[SOLVED] Why does a child exit when the parent receives a signal?

jmarcet · 03-16-2011, 10:31 AM

Hi,
I have a problem with the last point of some homework I have for an OS class.

I need the program to print the pid upon execution, then for 10 seconds react
to SIGUSR1, SIGUSR2 and SIGTERM. If either USR1 or USR2 is received, the 10 seconds are reset.

Some of the functions I'm told to use are alarm(), pause() and signal().

The nicest way I found was to handle SIGUSR1, SIGUSR2 and SIGALRM in the parent process, with SIGALRM killing the child (with a SIGTERM). In the child a pause() (or for(;

pause()

would be enough for it to be alive until killed from the SIGALRM handler in the parent.

What I found is that I can't just do a wait() in the parent process, waiting for the child to be killed, since whenever the parent receives a SIGUSR1 or SIGUSR2, the right handler is called but the child exits nicely.

I tried blocking/ignoring those signals in the child, since the default behaviour for SIGUSR1 and SIGUSR2 is to terminate the process, but the result is the same.

The only way I could do it is using a waitpid() within a do { } while(!WIFSIGNALED(status)) since when the child gets killed with the
parent's kill(), it's WIFSIGNALED, whereas when it exits after the parent handles a SIGUSR1/2, it's WIFEXITED.

Is this the expected behavior? Is there any 'standard/recommended' way?

Any help appreciated

P.S. What I'm doing to achieve the expected 10s window is calling alarm(10) in the parent process and again within the SIGUSR1/2 handlers. In the SIGALRM handler I kill the child and within the child I simply do a for(;

pause()

dwhitney67 · 03-16-2011, 12:01 PM

I don't quite understand what you are attempting to achieve (i.e. your requirements are vague).

If you setup the appropriate signal handlers in your main process, then fork a child process, the signals sent to the main process should not affect the child process.

Be aware that waitpid() will return with a status of -1 when a signal is delivered to the main process; you should verify that the errno reason is EINTR, and if so, merely return back to monitoring the child process to determine when it exits. You can also reset your alarm() if/when this condition occurs -- if that is what you want.

You should avoid the use of signal(); it pretty much has been deprecated. Use sigaction() instead; something like:

Code:

struct sigaction act;

memset(&act, 0, sizeof(act));

act.sa_handler = signal_handler;

sigaction(SIGUSR1, &act);

You can reuse the "act" variable if you require multiple signal handlers to be setup.

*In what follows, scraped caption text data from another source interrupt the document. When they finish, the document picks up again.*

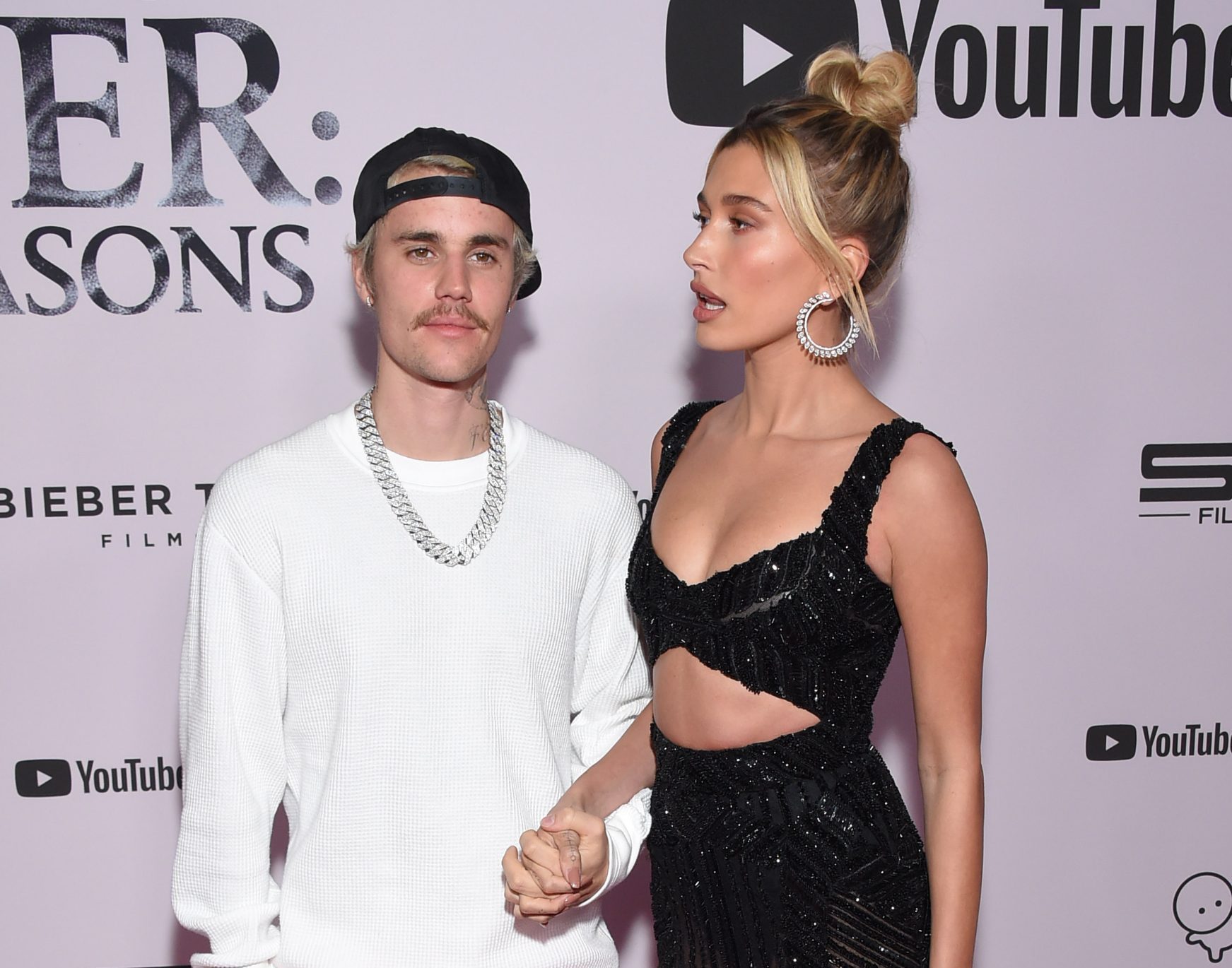 Justin and Hailey Bieber posing together on the red carpet, dressed in stylish evening attire.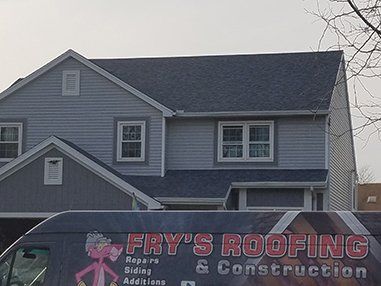 Residential Roof with Fry's Roofing Vehicle in Front — Toledo, OH — Frys Roofing and Construction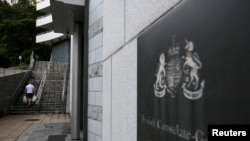 A man walks outside the British Cosulate-general office in Hong Kong, Aug. 20, 2019. 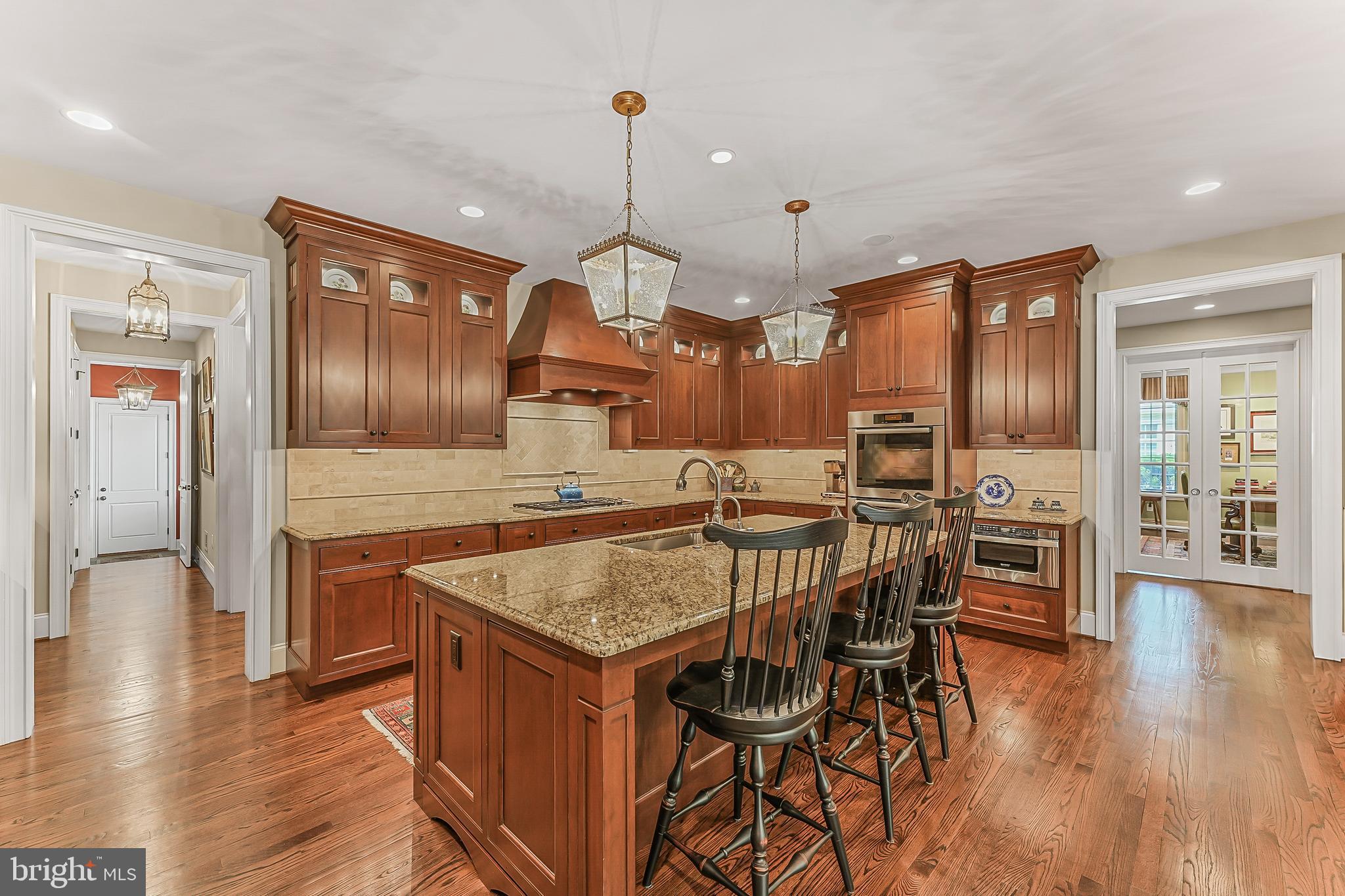 217 Valley Ridge Road Haverford, PA 19041 - Photo 10 of 49 a kitchen with stainless steel appliances granite countertop a kitchen island a stove and a wooden floors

jmarcet · 03-16-2011, 02:14 PM

Thanks for your reply.

Let's see. I do indeed use sigaction instead of signal since every updated reference I find says
signal is non portable. But I have to ask whether it is ok to use it. That's not the problem I have, though.

Part of my code is below.

I'll try to paraphrase.

The program has to listen to USR1, USR2 and TERM signals for 10 seconds after being launched.
Whenever USR1 or USR2 is received, the 10s counter is reset again to 10s, that is, there has
to be a 10s space with no signals received.

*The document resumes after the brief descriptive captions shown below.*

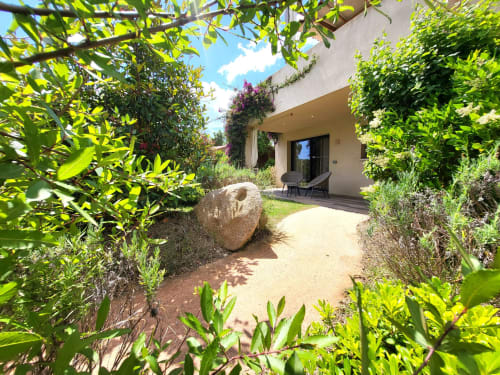 Lush garden pathway leading to Villas Lantana studio apartment in Lecci with terrace, vegetation, and stone accent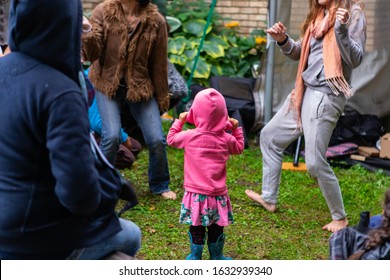 Low Section Of Females Dancing On Lawn While Girl In Pink Hoodie Standing And Looking At Them On Lawn. During Event At World And Spoken Word Festival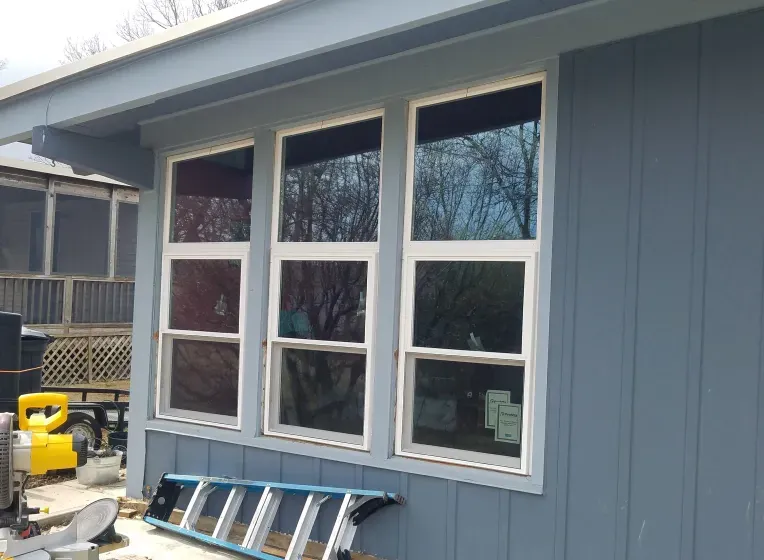 Three new windows installed on a blue house exterior, with a ladder leaning below.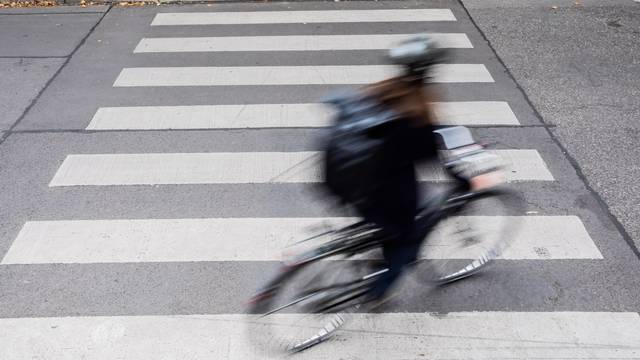 Cyclist on zebra crossing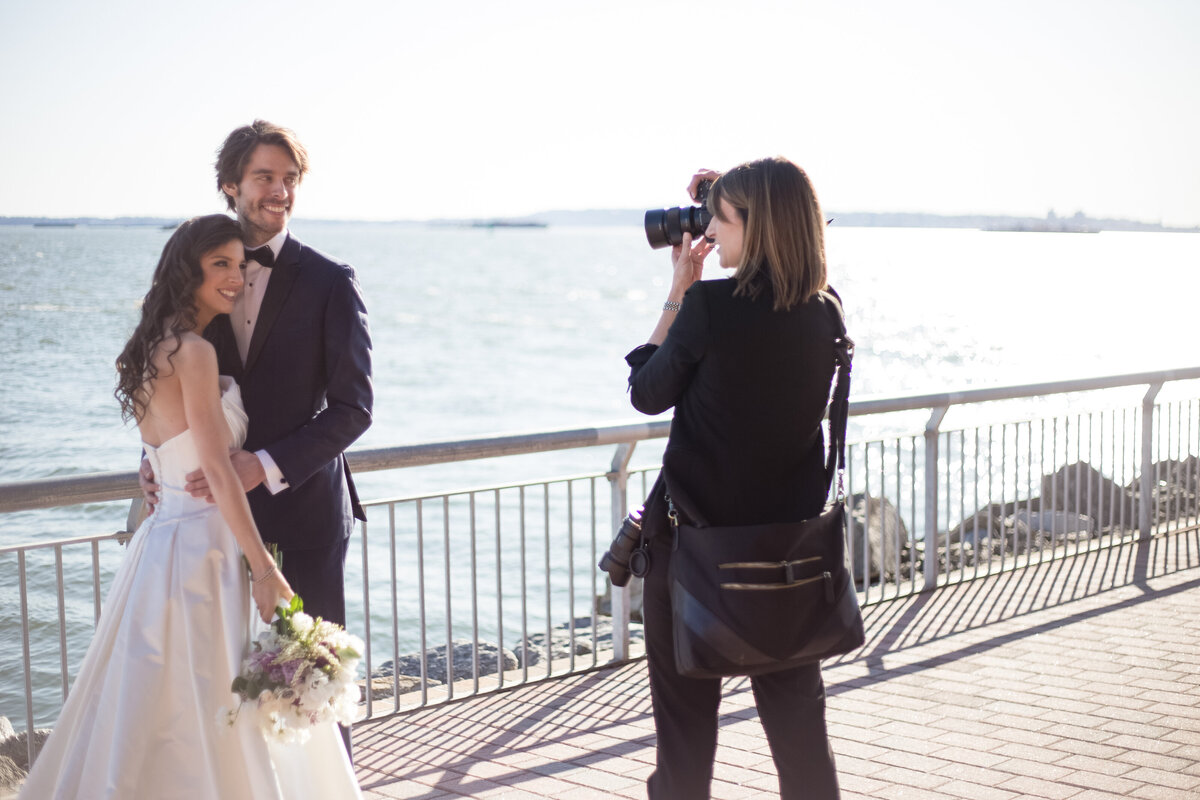 Leslie photographing a bride and groom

Those signals increment/decrement some offset for other computation the program later has to do.

The code shows pretty well what I got to, including some debugging code which helped me find the
reason whenever a USR1/USR2 signal was handled, instead of reseting the 10s timer, it exited.

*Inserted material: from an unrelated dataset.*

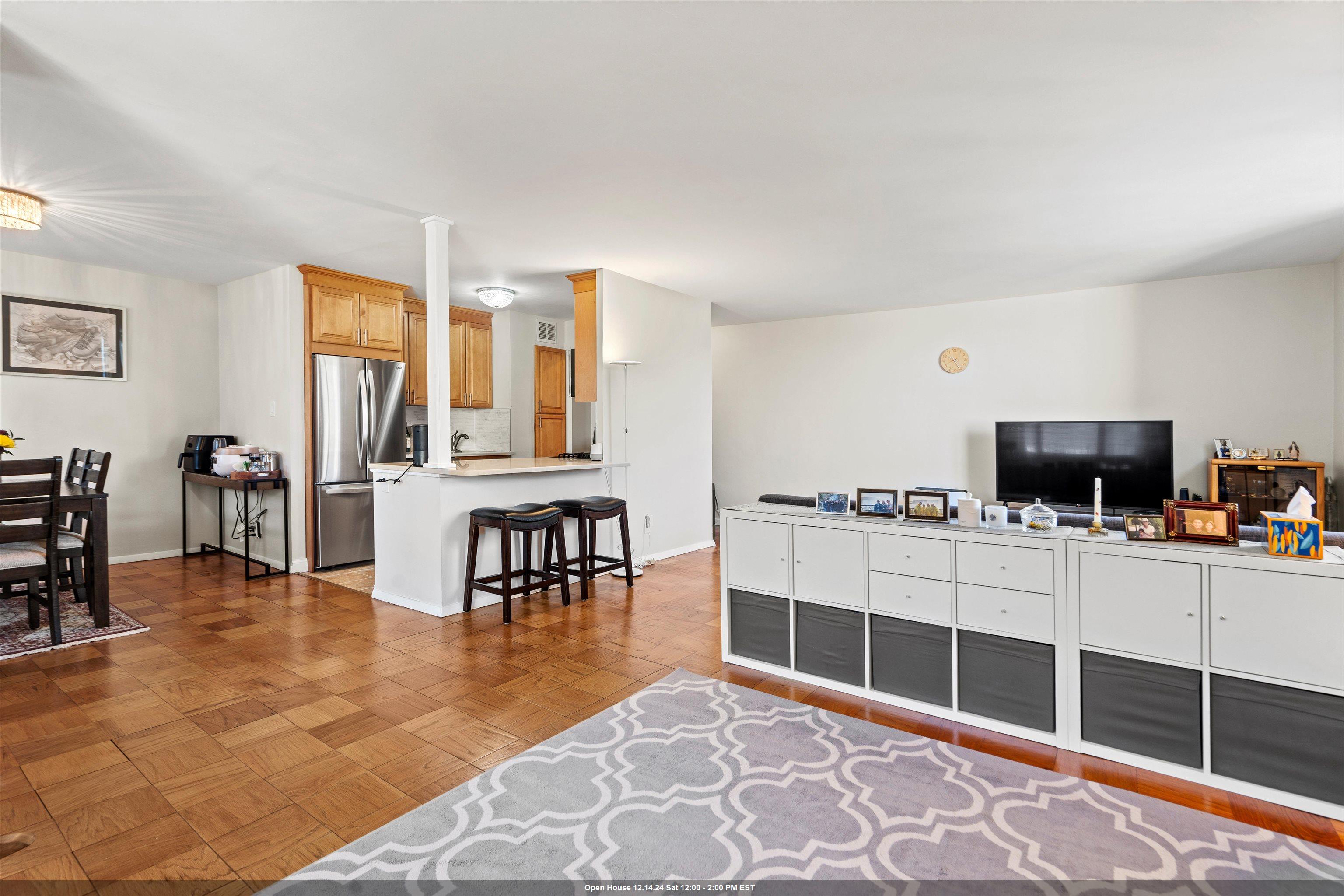 a living room with furniture a flat screen tv and kitchen view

I had to wrap the waitpid within an if which checks its exit status. That way, waitpid returns on
each USR1/USR2 signal received, but, unless the child is killed from the ALRM handler, waitpid
is called again.

In essence, yes, it seems the child never dies, it's the waitpid call which returns on every signal
received. Maybe this is normal, expected behavior. That's what I was asking.

Code:

sig_atomic_t offset = 13;
pid_t child_pid;

void handler (int signal_number)
{
    switch (signal_number) {
        case SIGUSR1:
            offset--;
            alarm(10);
            break;
        case SIGUSR2:
            offset++;
            alarm(10);
            break;
        case SIGALRM:
            kill(child_pid, SIGTERM);
            break;
    }
}

int main (int argc, char *argv[])
{
    char s[100];
    int status;

    struct sigaction sa;
    memset(&sa, 0, sizeof(sa));
    sa.sa_handler = &handler;
    sigaction( SIGUSR1, &sa, NULL);
    sigaction( SIGUSR2, &sa, NULL);
    sigaction( SIGALRM, &sa, NULL);

    sprintf (s, "My pid is: %ld\n", (long) getpid());
    write (2, s, strlen (s));

    if ( (child_pid=fork()) == -1) {
        error("forking child");
    }
    else if (child_pid == 0) {
        for(;;)
            pause();
    } else {
        alarm(10);
        do {
            waitpid(child_pid, &status, 0);
            if (WIFEXITED(status)) {
                printf("exited, status=%d\n", WEXITSTATUS(status));
            } else if (WIFSIGNALED(status)) {
                printf("killed by signal %d\n", WTERMSIG(status));
            } else if (WIFSTOPPED(status)) {
                printf("stopped by signal %d\n", WSTOPSIG(status));
            } else if (WIFCONTINUED(status)) {
                printf("continued\n");
            }
        } while (!WIFSIGNALED(status));

    ...

    exit (0);
}

wje_lq · 03-16-2011, 02:36 PM

Quote:

Originally Posted by jmarcet

In essence, yes, it seems the child never dies, it's the waitpid call which returns on every signal
received. Maybe this is normal, expected behavior. That's what I was asking.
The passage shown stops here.